‘Land grab’ farmers receive payments
Publish date: 14 April 2025
Issue Number: 1121
Diary: IBA Legalbrief Africa
Category: Zimbabwe
Zimbabwe issued Treasury bonds worth $308m and made small cash payments to white farmers who were dispossessed of their property 25 years ago under a state-backed land reform programme, reports Fin24. The payments are the first under a so-called ‘Global Compensation Deed’ signed in 2020 between the state and the former farm owners in which Zimbabwe committed to paying $3.5bn for improvements done on the farmland. A Land Compensation Committee has approved compensation for 740 former farm owners, with the first 378 farmers paid 1% of the total compensation value of $311m in late March as well as receiving Treasury bonds, Finance Minister Mthuli Ncube said.

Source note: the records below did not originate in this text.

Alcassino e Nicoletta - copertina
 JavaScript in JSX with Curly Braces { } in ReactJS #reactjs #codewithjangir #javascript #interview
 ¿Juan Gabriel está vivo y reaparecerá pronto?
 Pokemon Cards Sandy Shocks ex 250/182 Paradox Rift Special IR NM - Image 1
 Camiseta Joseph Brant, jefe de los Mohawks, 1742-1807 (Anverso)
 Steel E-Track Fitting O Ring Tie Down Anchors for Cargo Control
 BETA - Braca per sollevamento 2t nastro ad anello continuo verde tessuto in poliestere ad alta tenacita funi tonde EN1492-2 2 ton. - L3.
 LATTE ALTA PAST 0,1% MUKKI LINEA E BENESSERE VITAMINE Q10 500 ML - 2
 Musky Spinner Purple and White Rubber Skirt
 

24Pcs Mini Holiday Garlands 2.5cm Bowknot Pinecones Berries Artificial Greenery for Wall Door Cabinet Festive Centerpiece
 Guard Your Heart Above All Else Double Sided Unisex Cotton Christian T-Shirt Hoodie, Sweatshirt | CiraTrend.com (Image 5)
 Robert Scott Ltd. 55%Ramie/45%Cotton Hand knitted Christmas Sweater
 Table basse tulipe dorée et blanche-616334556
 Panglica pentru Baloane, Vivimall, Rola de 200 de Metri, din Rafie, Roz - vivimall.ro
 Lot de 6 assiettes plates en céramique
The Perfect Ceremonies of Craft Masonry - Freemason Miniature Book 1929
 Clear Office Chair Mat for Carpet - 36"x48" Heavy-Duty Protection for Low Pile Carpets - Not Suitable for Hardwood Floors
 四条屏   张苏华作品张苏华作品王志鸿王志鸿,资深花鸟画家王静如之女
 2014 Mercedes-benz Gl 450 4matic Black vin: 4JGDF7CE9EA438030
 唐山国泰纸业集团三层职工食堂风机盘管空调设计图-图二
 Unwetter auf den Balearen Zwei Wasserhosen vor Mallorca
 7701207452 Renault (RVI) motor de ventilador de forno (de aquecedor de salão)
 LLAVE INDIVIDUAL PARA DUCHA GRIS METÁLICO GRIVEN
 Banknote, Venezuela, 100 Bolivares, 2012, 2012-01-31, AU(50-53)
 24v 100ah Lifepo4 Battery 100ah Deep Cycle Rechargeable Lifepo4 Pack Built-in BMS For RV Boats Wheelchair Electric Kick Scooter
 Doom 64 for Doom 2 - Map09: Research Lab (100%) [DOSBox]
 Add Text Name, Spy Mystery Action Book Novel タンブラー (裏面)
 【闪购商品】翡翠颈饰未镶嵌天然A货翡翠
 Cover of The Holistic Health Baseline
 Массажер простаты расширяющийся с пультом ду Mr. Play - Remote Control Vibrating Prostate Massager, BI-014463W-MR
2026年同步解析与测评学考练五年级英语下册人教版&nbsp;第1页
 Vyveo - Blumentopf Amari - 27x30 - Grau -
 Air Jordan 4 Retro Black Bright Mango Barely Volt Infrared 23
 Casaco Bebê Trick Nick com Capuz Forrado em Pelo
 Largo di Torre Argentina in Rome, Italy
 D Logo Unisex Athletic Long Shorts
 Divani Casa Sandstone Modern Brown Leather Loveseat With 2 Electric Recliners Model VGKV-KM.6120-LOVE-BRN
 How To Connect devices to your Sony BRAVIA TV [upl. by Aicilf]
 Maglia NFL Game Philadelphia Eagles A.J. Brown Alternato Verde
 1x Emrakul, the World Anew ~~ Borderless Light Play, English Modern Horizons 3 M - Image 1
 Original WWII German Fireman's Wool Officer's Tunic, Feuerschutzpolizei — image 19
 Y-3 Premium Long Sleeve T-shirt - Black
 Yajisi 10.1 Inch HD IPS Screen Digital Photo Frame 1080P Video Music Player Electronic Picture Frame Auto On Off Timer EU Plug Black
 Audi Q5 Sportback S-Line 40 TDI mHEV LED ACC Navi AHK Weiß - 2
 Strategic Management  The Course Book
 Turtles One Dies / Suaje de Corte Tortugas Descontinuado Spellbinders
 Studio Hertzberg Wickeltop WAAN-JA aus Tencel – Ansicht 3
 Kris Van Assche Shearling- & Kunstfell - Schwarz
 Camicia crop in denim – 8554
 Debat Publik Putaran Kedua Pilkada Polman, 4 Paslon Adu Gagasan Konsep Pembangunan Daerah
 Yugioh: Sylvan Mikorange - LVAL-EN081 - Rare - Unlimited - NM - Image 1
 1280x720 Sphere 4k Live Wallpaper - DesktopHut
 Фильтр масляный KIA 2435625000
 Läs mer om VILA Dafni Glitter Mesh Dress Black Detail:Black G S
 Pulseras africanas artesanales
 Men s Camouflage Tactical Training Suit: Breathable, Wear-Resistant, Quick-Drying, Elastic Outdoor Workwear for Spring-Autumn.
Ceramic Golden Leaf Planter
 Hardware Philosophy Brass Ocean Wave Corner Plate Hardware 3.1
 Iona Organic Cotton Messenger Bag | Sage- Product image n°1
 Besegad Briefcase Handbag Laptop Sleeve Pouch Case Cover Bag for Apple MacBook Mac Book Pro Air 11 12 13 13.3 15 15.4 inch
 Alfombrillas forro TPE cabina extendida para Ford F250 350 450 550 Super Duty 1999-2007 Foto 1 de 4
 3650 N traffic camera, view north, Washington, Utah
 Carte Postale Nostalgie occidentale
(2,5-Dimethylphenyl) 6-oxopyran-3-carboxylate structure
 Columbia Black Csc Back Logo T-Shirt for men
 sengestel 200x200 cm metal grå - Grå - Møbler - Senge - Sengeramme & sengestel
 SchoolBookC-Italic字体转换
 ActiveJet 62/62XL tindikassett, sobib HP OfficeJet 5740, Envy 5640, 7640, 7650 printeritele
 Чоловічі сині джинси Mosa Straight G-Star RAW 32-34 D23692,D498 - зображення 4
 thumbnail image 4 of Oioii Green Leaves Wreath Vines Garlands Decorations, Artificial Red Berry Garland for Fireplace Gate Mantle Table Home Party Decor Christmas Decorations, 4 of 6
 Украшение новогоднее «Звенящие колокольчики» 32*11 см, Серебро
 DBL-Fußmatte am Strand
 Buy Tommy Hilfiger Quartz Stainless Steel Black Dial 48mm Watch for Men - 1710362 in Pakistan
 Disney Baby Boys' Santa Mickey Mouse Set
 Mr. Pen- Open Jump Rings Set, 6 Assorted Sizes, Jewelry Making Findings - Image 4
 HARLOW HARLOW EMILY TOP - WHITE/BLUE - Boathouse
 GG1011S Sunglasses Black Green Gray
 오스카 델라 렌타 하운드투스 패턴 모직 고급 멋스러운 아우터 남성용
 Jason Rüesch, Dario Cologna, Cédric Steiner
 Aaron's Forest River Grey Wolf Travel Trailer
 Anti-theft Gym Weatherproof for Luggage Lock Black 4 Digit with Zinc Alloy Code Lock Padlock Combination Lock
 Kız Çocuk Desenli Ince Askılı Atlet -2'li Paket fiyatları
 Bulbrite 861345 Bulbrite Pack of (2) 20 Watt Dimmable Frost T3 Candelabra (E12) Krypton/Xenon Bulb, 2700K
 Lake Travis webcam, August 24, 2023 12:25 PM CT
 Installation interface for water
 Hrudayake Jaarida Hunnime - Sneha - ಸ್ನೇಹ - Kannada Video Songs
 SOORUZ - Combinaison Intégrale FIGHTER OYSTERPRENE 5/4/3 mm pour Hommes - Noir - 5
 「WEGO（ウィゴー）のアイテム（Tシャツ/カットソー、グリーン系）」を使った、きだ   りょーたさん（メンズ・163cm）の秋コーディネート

Following the cash payment the balance is ‘being paid in US dollar denominated Treasury bonds with a 2% coupon and maturities of two to 10 years,' Ncube said. The payment is the latest attempt to resolve the decades-long dispute triggered by former Zimbabwean President Robert Mugabe encouraging veterans of the liberation war to evict farmers and their workers from their land in a bid to win support in a close-fought election in 2000. By 2002, at least seven white farmers had been killed alongside dozens of their workers, Human Rights Watch said. That contributed to sanctions being imposed on Zimbabwean politicians by the US, UK and the European Union leading to Zimbabwe’s protracted fallout with the West.